ただ、個人的には本当にそこまで「運行の安全」を求めるのであれば、なおさらライドシェアを導入すべきだと思う。
素人ドライバーが操る「白タク」が社会にあふれかえれば、プロドライバーが操る「タクシーの価値」があらためて社会に認められ「賃上げ」につながるからだ。
ご存じのように日本は30年間、平均給与が上がっていない。世界では当たり前の「国や自治体が物価上昇にともなって段階的に最低賃金を引き上げていく」ことをかたくなに否定して、「企業努力」という謎の精神論にすがってきたからだが、この方針が変わることはない。つまり、これからも日本企業は自力で賃上げをしていくことは難しい。
タクシー業界はそんな賃上げできない業界の代表だ。全国ハイヤータクシー連合会調べでは、22年のタクシードライバーの平均年収は363.6万円。これはもはや「企業努力」でどうにかなる水準ではない。
そこで「ライドシェア」という、「低価格帯のタクシーもどき」をつくることで、「タクシー」という産業全体の価値向上を試みるのだ。なぜそこまでして「賃上げ」にこだわるのかというと「運行の安全」を守るためだ。

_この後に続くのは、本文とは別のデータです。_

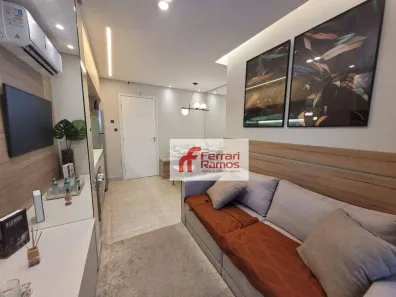 Apartamento com 2 Quartos à venda, 34m² no Jardim dos Pimentas, Guarulhos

週刊エコノミスト Onlineの『70代が主流 「タクシー運転手の高齢化問題」の危うさ』(22年11月5日)によれば、法人・個人のタクシー業界団体のデータを整理したところ、タクシードライバーが最も多い年齢は「70〜74歳」だという。つまり、国交省が号令をかけるまでもなく、あと数年もすれば、日本のタクシー運行は80代が中心になるのだ。年齢で運転を差別するつもりはないが、安全性という観点からもやはり「若返り」が必要だ。
若い人にタクシー会社で働いてもらうには、やはり「賃上げ」は欠かせない。「やりがい」とか「労働環境」とか「タクシー免許の取りやすさ」も無関係とは言わないが、やはり先立つものは「カネ」なので、まずは「平均年収363万円」を他業種並みに上げないことには、やりがいもへったくれもないのだ。